## Task to complete
What is needed is an exact copy of the records below, minus any pictures.

---------- The records ----------

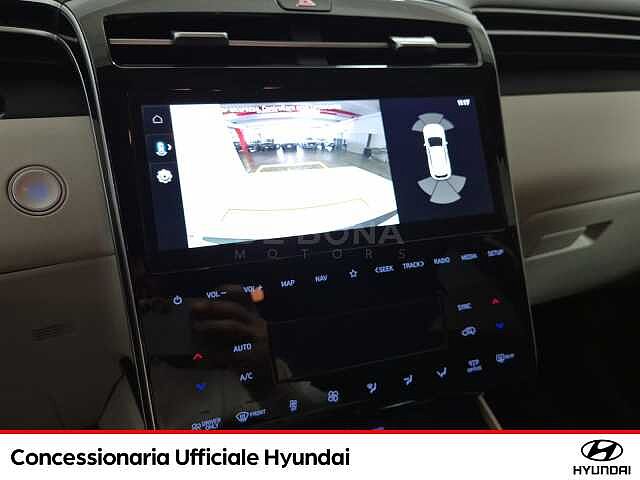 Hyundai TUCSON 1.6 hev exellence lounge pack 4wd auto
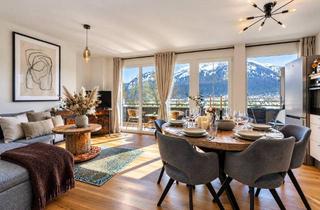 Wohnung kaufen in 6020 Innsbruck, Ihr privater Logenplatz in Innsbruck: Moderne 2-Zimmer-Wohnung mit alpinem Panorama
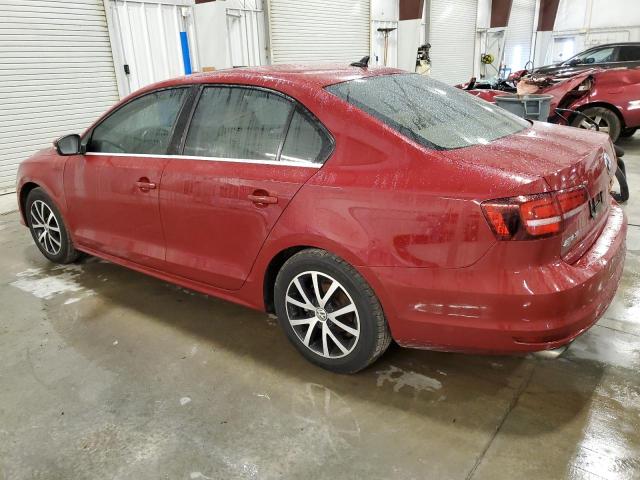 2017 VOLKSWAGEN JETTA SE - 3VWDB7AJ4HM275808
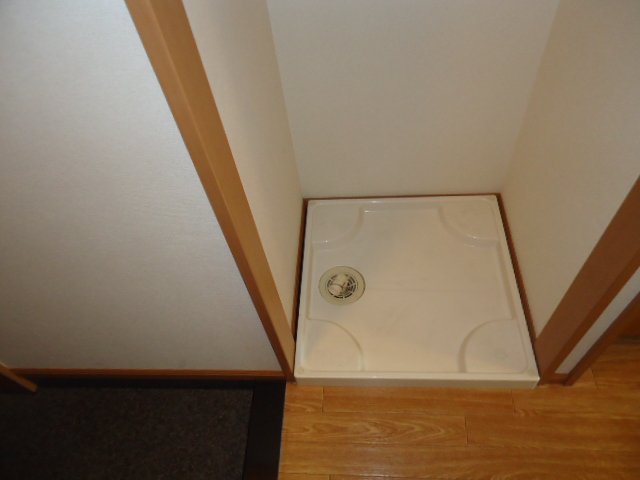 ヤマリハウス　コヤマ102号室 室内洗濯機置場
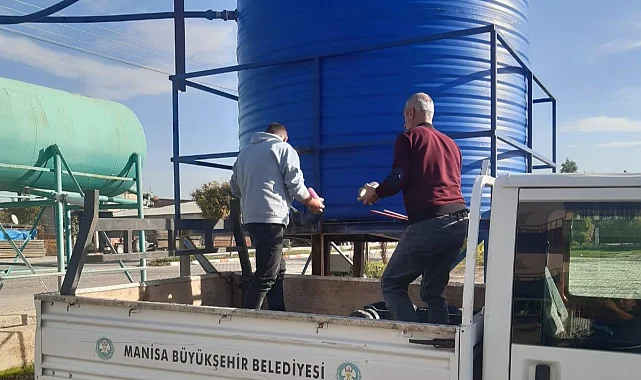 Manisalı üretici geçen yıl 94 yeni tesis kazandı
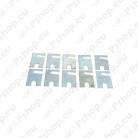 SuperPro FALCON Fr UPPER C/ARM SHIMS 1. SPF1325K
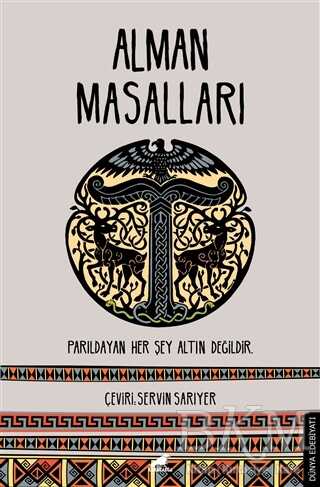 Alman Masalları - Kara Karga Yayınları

----------

## Task result
 Hyundai TUCSON 1.6 hev exellence lounge pack 4wd auto
 Wohnung kaufen in 6020 Innsbruck, Ihr privater Logenplatz in Innsbruck: Moderne 2-Zimmer-Wohnung mit alpinem Panorama
 2017 VOLKSWAGEN JETTA SE - 3VWDB7AJ4HM275808
 ヤマリハウス　コヤマ102号室 室内洗濯機置場
 Manisalı üretici geçen yıl 94 yeni tesis kazandı
 SuperPro FALCON Fr UPPER C/ARM SHIMS 1. SPF1325K
 Alman Masalları - Kara Karga Yayınları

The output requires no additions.